PARIS - France's Council of State unexpectedly upheld the Ministry of Agriculture order of Feb. 5, 1998, adding three varieties of transgenic corn produced by the Swiss company Syngenta (formerly Novartis Seeds) to the official catalogue of crops that can be grown in France.

It had been asked to declare the ministerial order invalid by an environmental lobby group comprised of Greenpeace, Friends of the Earth, Ecoropa France and the French Peasants' Confederation.

The Council of State is the final arbiter on governmental and administrative decisions in France, and in an interim ruling handed down in September 1998 it temporarily suspended the February 1998 order for precautionary reasons. Now, it not only has resisted the pressures of the ecologists by approving the decision to authorize the planting of genetically modified (GM) corn, but has also extended the period of authorization to the normal 10 years applicable to conventional crops instead of the limited period of three years granted to GM crops.

Before coming to its decision, the council sought the advice of the European Court of Justice on a key issue, namely whether the French authorities had the right to oppose a decision taken by the European Commission to authorize the planting of these transgenic crops. The situation was paradoxical insofar as it was the French government that had asked the Commission in Brussels to approve these corn varieties in the first place. The justices replied that a European Union member government could decline to apply a Commission ruling only if it produced new scientific information relating to human health or the environment, or if it could show that there had been procedural irregularities. Since the French Agriculture Ministry had made no such submission, it was bound to implement the Commission's directive.

According to Greenpeace, however, the ministry did possess relevant new information that it could have made available to the European Commission, but chose not to. That information relates to the inclusion of a marker gene resistant to the antibiotic ampicillin in the genetic construction of these corn varieties. The environmentalists intend to contest the ruling.
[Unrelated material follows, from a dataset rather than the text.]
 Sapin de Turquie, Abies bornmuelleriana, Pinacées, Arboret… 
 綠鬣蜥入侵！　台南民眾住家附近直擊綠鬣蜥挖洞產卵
The chief characteristic of the three varieties of transgenic corn in question is that they all contain a gene resistant to the insecticide Bt-176, which is used to combat the corn borer, a pyralid butterfly whose caterpillar can devastate corn crops. But the council's ruling is likely to apply to 12 other varieties of transgenic corn produced by Syngenta and Monsanto that were placed on the official list in August 1998 and still are authorized, by extending their period of authorization from three to 10 years as well.

Theoretically, Syngenta, which was born out of the merger between Novartis Seeds and the agro-chemical division of AstraZeneca, now has the right to resume selling the three corn varieties in France until February 2008. But the company described the Council of State's ruling as a "nonevent" since a dozen varieties of GM corn were already authorized, and that French farmers stopped planting transgenic seeds more than a year ago because of consumer hostility to food containing genetically modified organisms.
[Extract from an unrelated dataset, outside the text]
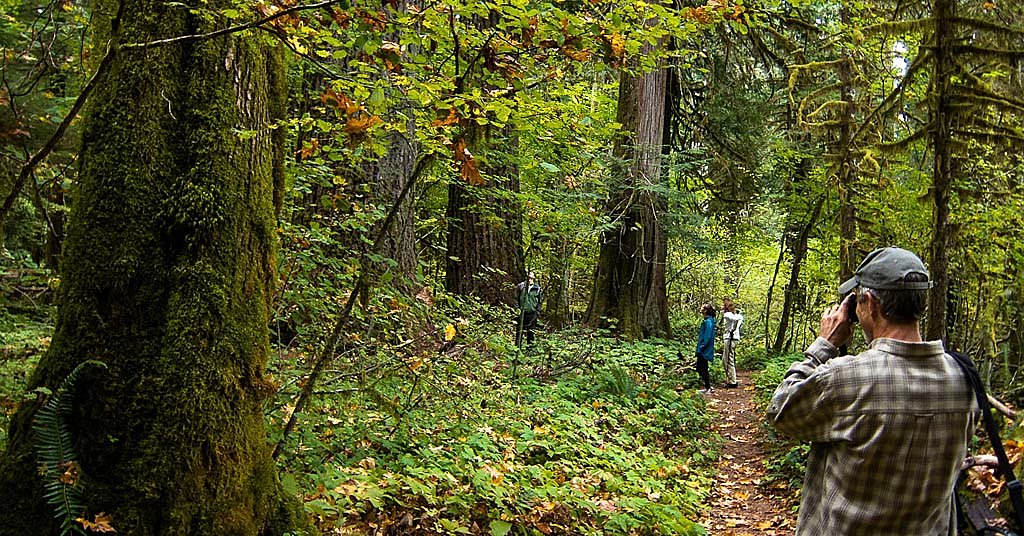 Why no one knows exactly how much old-growth forest we have left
According to the Agriculture Ministry, out of the total 3.2 million hectares of land planted with corn in France, the area planted to GM varieties never exceeded 2,000 hectares at its height in 1998. Today it is down to just 80 hectares, and the current plantings are solely for experimental purposes. Moreover, Syngenta has made it clear that it does not plan to resume marketing the seeds in France until there is a demand for them.